Please can you help me in choosing a good database model to facilitate search queries using PostgreSQL full text search?

Kurisu · February 17, 2020, 5:47am

Let’s say I have 3 tables: users, profiles and skills.
Resulting in following associations:

User has_one Profile (:profile) and Profile belongs_to User (:user).
User has_many Skill (:skills) and Skill belongs_to User (:user).

My search feature will show users whith user.name, or profile.introduction, or having one or more skills matching the search term.

My problem here is the one-to-many realtionship between users and skills.

I’m thinking to create a denormaized table or a view just for this search feature.
For example skill_documents with user_id and tsv column (to store the concatenation of all skills names of a given user) . This way everytime an user adds, removes or updates a skill the tsv column will be updated accordingly.

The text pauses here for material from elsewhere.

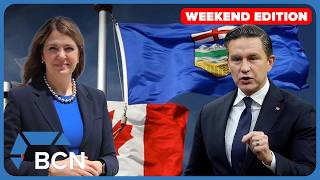 Poilievre vows to keep Alberta in Canada | Smith announces fall referendum | Alberta cabinet shuffle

Please do you think this is an acceptable solution or what would you suggest me instead?

Thanks

Edit: I’m not finding the general programming category so I put my question in the members only one.

Edit 2: So as suggested by @dimitarvp I moved my question to Elixir category and added Ecto tags. There is no Ecto dedicated category apparently.

dimitarvp · February 17, 2020, 11:34am

This is a perfectly valid question for the Ecto category btw.

Kurisu · February 18, 2020, 11:39am

Finally I ended up with a tsv column in each table involved in the search query. I just keep the initial tables: users, profiles and skills. My SQL query does an inner join from users to profiles, and a left join to skills. Now as a user can have multiple skills, the results at this point will contain duplicate users. To fix that, I added distinct clause to the query on user id, while ordering by relevance of matching.

My query ultimately looks like this:

  def search_users(term, params) do
    User
    |> join(:inner, [u], p in assoc(u, :profile))
    |> join(:left, [u], s in assoc(u, :skills))
    |> search_where(term)
    |> order(term)
    |> distinct([u], u.id)
    |> preload([u, p, _], profile: p)
    |> Repo.paginate(params)
  end

  defp search_where(query, term) do
    where(
      query,
      [u, p, s],
      fragment("? @@ ?", u.tsv, plainto_tsquery(^term)) or
        fragment("? @@ ?", p.tsv, plainto_tsquery(^term)) or
        fragment("? @@ ?", s.tsv, plainto_tsquery(^term))
    )
  end

  defp order(query, term) do
    order_by(query, [u, p, s],
      desc: ts_rank_cd(u.tsv, plainto_tsquery(^term)),
      desc: ts_rank(p.tsv, plainto_tsquery(^term)),
      desc: ts_rank(s.tsv, plainto_tsquery(^term))
    )
  end

Feel free to make any comments on this.

Thanks

Brainiac · February 18, 2020, 4:14pm

Instead of duplicating the columns through concatenation, why not use a trigram index for the columns that you need?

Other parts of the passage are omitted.